Our analysis of sample datasets from 13 USAID-funded research groups and implementing partners in both countries revealed similarities in the data they collect. But, due to differences in the way datasets are structured and variables are defined, stakeholders cannot currently make use of each others’ data – including socioeconomic and experimental data on agricultural practices and nutritional statuses – to inform their own programming. In order to help stakeholders discover and reuse relevant data, a number of interoperability standards and principles must be followed. This includes adopting frameworks that help ensure that datasets are easy to search for based on their content and any user can interpret and use their content.

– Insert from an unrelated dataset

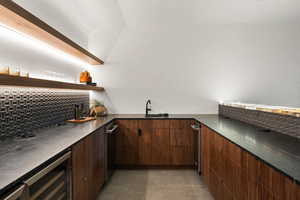 Bar with tasteful backsplash, sink, beverage cooler, and dishwasher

The former can be achieved when data publishers capture important metadata information on the project and dataset, which includes defining and detailing elements like scope, data collection methodology, data availability, and terms of use. Adopting a standard ontology or vocabulary – a formal naming scheme, such as AGROVOC, that defines the types and properties of variables – during data collection and reporting helps improve future usability of a dataset. Similarly, to ease integration with other applications and repositories, stakeholders should agree on naming schemes for country-specific variables (e.g. administrative boundaries like provinces or municipalities), standard units of measurement (e.g. area, length, weight, etc.), and following basic structural hygiene standards (e.g. keeping data belonging to the same dataset within a single file, and using clear column and row names and codes for missing data). Finally, we suggest that all dataset owners create corresponding codebooks documenting all of these elements of the metadata schema.
2. Existing storage solutions meet stakeholder needs.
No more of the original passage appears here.